「世間を説得するためにヒット作は必要」漫画家・あだち充74歳が語った「タッチ」以降の価値観の変化
「デビューしてしばらくの間は、漫画家を名乗るのはすごくイヤでしたよね。ある程度いっても、漫画家ですって言うと必ず『何描いてるの?』って聞かれるし。たまたま30歳ぐらいで『タッチ』という作品がある程度認められたんで、わかってくれる人が多くなったんだけど…」
「タッチ」「みゆき」「ナイン」「陽あたり良好」などヒット作多数、人気漫画家・あだち充氏が、YouTubeチャンネル「ほぼ日の學校」に出演(7月2日付)。漫画家を名乗ることがイヤだった無名時代に思いを馳せ、コミックスの総売上1億部を突破したあだち氏にとって最大のヒット作となった「タッチ」以降では価値観に変化があったことを振り返った。

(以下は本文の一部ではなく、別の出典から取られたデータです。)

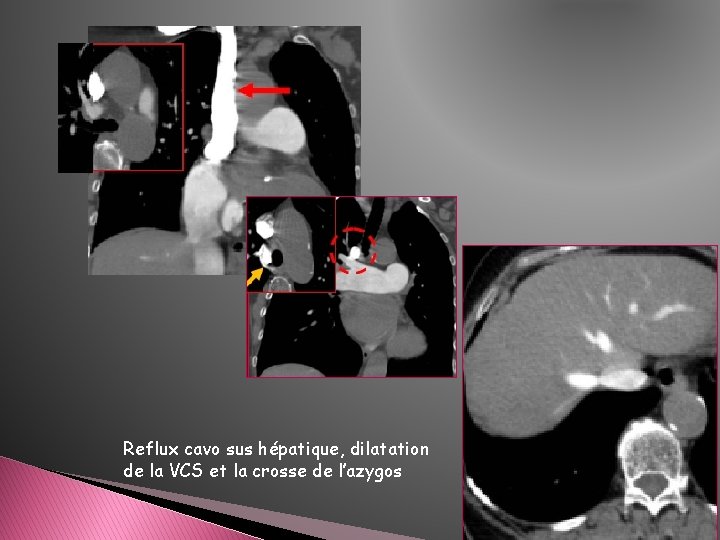 Reflux cavo sus hépatique, dilatation de la VCS et la crosse de l’azygos 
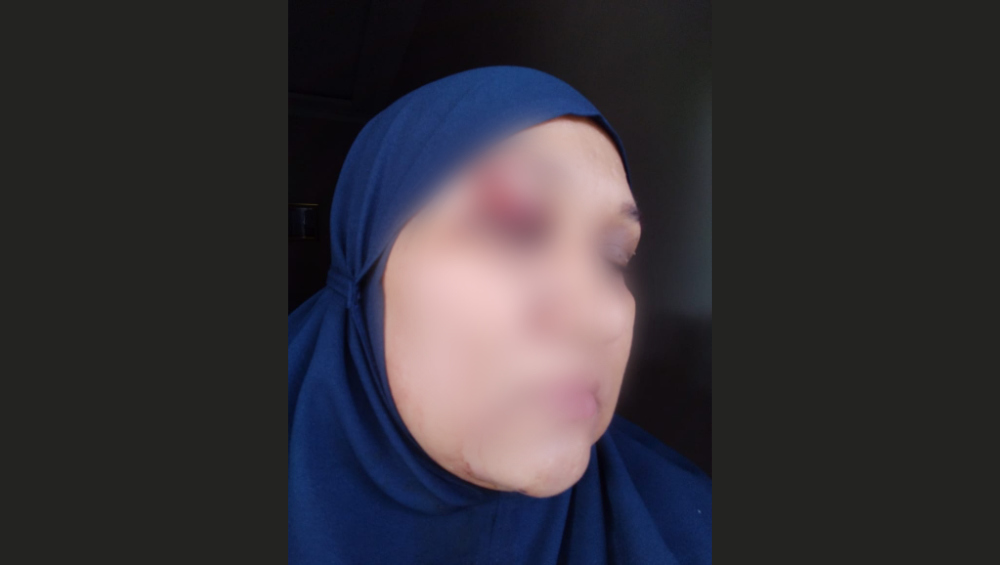 Korban berinisial M dianiaya oknum polisi Aiptu M Irfan yang tidak lain adalah suaminya sendiri. Akibatnya pelipis mata M berdarah. Foto: Ist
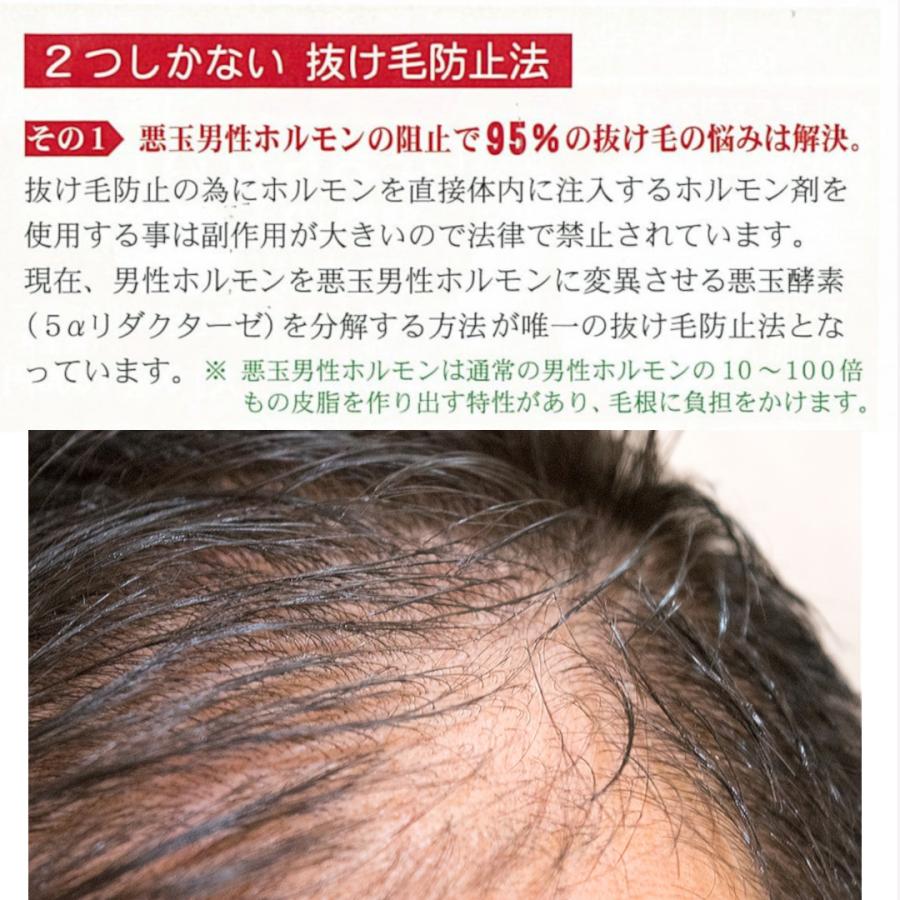 マミヤンアロエ マミヤンアロエ薬用トニック 150ml 3本セット 漢方 漢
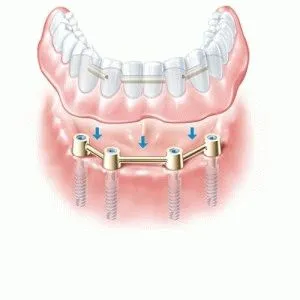 All-on-4 tehnologia protetică dentară 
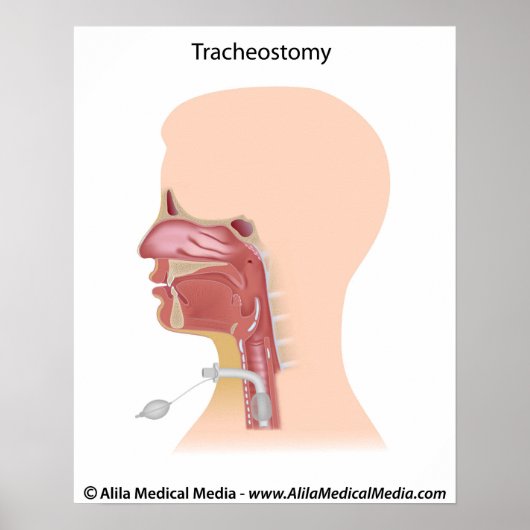 Tracheostomy tekening. poster (Voorkant)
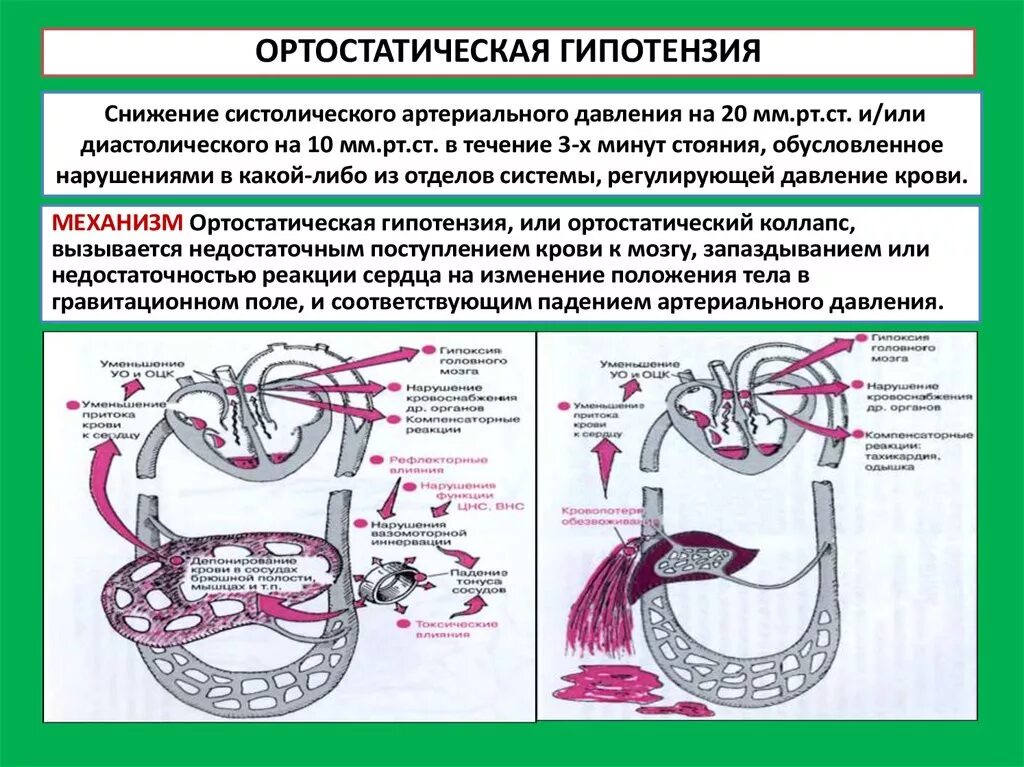 Механизм развития ортостатической гипотензии. Ортостатическая гипотензия патогенез. Артестатическая гипертензия. Клиническая картина ортостатической гипотензии.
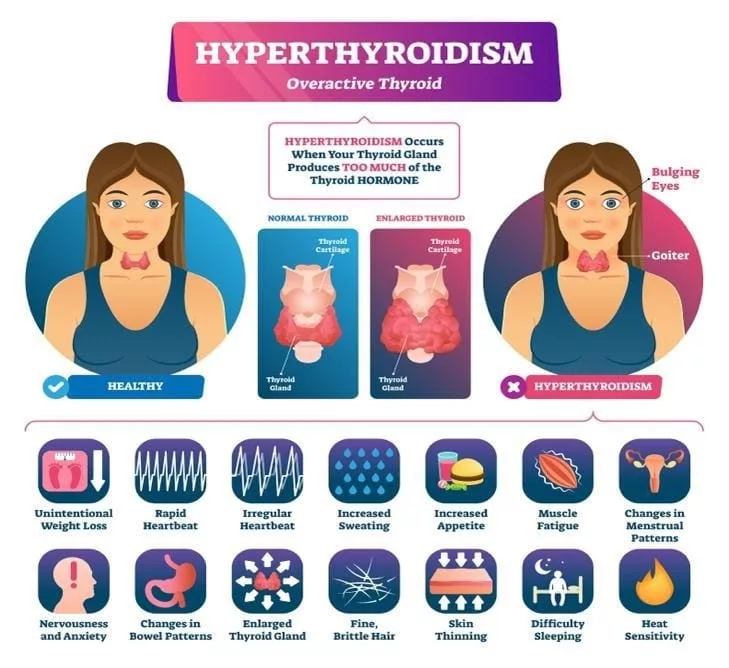 Thyroid Nodules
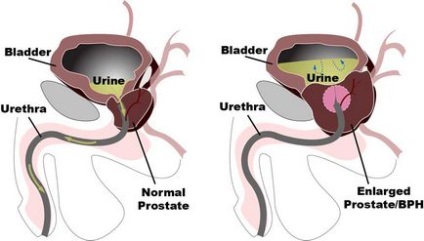 Etapa inițială a adenomului de prostată este tratamentul adenomului prostatic de 1 grad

「逆に、その頃までヒット作はいいやと思ってたんで、好きな漫画描いて暮らせるんだったら問題ないやと思ってたんですけど…。聞かれた時に、ある程度、世間みたいなものを説得するためにはヒット作は必要なのかなとか思い始めたのが30歳ぐらい」(あだち氏)
「タッチ」連載開始の1981年、あだち氏は30歳を迎えたばかり。あれから40年余りが経過した今も、少年誌で連載を続けていることについては、こう語った。
「“少年漫画でずっと”というのも、我ながらすごいなと思います。少年漫画の読者はどんどん若くなっているので、本当は読者と一緒に年取って“上”(青年誌など)にいっちゃった方がラクなのかなとか考えたんだけども、少年漫画にこだわってみようということで、ここまできてます」
WEBランキング「みんなのランキング」が、あだち氏の漫画人気ランキングを発表(7月2日付)。それによると、3位が「タッチ」、2位が「クロスゲーム」、1位は「H2」だった。「クロスゲーム」は週刊少年サンデーで2005年から10年まで、「H2」も同誌で1992年から99年まで連載された。ちなみに、12年から連載中の「MIX」が掲載されているのは月間少年漫画誌「ゲッサン」。
御年74歳のベテラン漫画家の初志貫徹ぶりには頭が下がる思いだ…。